Saturday, February 2, 2019

Candlemas


The familiar carol stops at day 12, but today is actually the 40th day of Christmas and the definitive end of the Christmas season. This is a very ancient feast, which incorporates several interrelated themes, reflected in the different names given to this day. All these different names illustrate how full of meaning this festival is, and how much it has to teach us.

In the Western Church, it is currently called the Presentation of the Lord, but for several centuries it was the Purification of the Blessed Virgin Mary. When Jesus was 40 days old, Mary and Joseph journeyed to Jerusalem in order to observe two important religious obligations. The first - the ordinary obligation to be purified after childbirth - reflected ancient beliefs about the sacredness of blood. The second concerned the special status and religious responsibilities of a first-born son (because of God’s having spared Israel’s 1st-born at the time of the Exodus).

Whether officially titled the Presentation of the Lord of the Purification of the Blessed Virgin Mary, however, the most common popular title for today’s celebration in the West has consistently been Candlemas Day, because of the Blessing of Candles and the Procession - originally in Rome an early pre-dawn procession – with which today’s Mass begins.

The name Candlemas calls attention, obviously, to the blessed candles, but also to their light – and to the One whom that light symbolizes. The Church’s official ceremonial says that “on this day Christ’s faithful people, with candles in their hands, go out to meet the Lord and to acclaim him with Simeon, who recognized Christ as ‘a light to reveal God to the nations.’ They should therefore be taught to walk as children of the light in their entire way of life, because they have a duty to show the light of Christ to all by acting in the works that they do as lighted lamps.”

A secular version of Candlemas is “Groundhog Day.” Not so long ago, everyone in the western world knew about Candlemas Day. Today, many seem to have forgotten. Yet even people who have never heard of Candlemas recognize the folklore connected with this day and connect it with the change of seasons.
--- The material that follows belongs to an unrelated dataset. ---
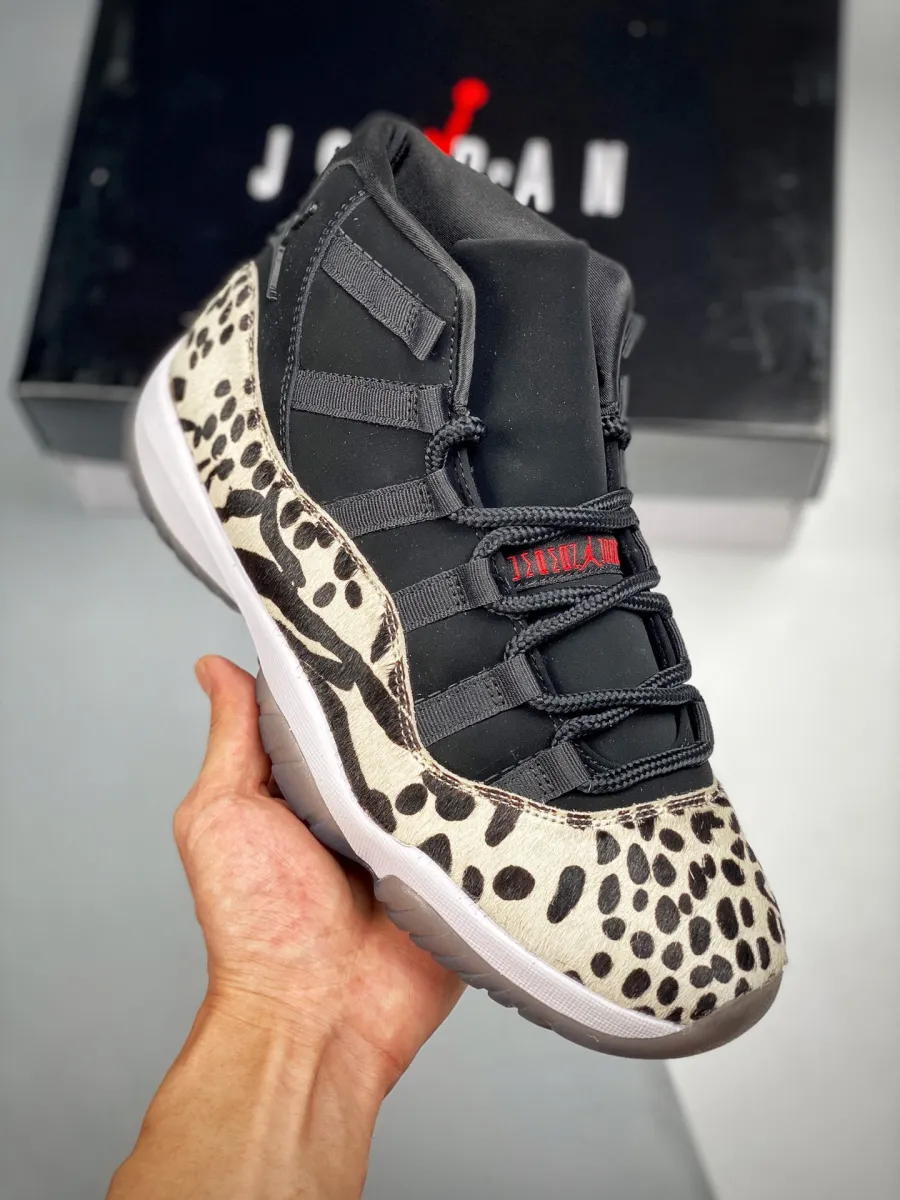 Air Jordan 11 Animal Instinct AR0715-010 - jordan 11 material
While the weather is still wintry, the days are noticeably getting longer. Whereas Christmas comes at the mid-point of the winter’s darkness, with the year’s shortest day and its correspondingly longest night, Candlemas comes at the mid-point between the winter solstice and the spring equinox, the transition (according to one ancient way of reckoning the seasons) from winter to spring. Soon, day and night, light and dark will be equal. This last of the winter light festivals invites us to look ahead to what these light festivals symbolize.
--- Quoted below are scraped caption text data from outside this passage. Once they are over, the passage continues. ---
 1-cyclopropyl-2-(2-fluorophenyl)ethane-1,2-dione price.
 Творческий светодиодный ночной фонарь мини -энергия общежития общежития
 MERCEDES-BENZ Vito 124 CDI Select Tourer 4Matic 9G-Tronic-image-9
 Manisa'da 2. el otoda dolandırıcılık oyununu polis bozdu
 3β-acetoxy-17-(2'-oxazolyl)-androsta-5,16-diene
Today we recall with joy the Lord’s entry into his Temple. At the same time, we hear, in wise old Simeon’s words to Mary, the first reference to what lies ahead, the first reference to the cross. Behold, this child is destined … to be a sign that will be contradicted – and you yourself a sword will pierce – so that the thoughts of many hearts may be revealed. So, even as we take a last look back at winter and Christmas, Candlemas looks ahead to spring and Lent, and reminds us that the point of Christmas is Easter. Simeon and Anna’s encounter with the infant Jesus in the Jerusalem Temple points us toward our own encounter with the Risen Christ here and now.
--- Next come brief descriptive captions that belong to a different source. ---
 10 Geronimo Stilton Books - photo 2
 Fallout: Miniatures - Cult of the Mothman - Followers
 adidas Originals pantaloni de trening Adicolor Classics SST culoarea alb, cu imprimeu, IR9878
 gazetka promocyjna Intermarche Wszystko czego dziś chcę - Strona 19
In the Eastern Churches, this day is appropriately called the Encounter, the Feast of Meeting. Today, Christ comes to meet us, and we in turn get to meet him. Every Christmas we encounter Christ in a special way in the image the infant Jesus in the manger. When we encounter the infant Jesus in the nativity scene in church and at home, we appreciate anew the great mystery of the incarnation of God’s Son. When Simeon and Anna experienced in the infant Jesus the human face of God, they spoke about the child to all who were awaiting the redemption of Jerusalem. They hastened to proclaim and share their good news. That remains our task today – to take the light of these candles out into our spiritually still so very dark world, and so to share with all the light reflected in our own lives from the brightness of the human face of God.

Homily for the Feast of the Presentation of the Lord, Immaculate Conception Church, Knoxville, TN, February 2, 2019.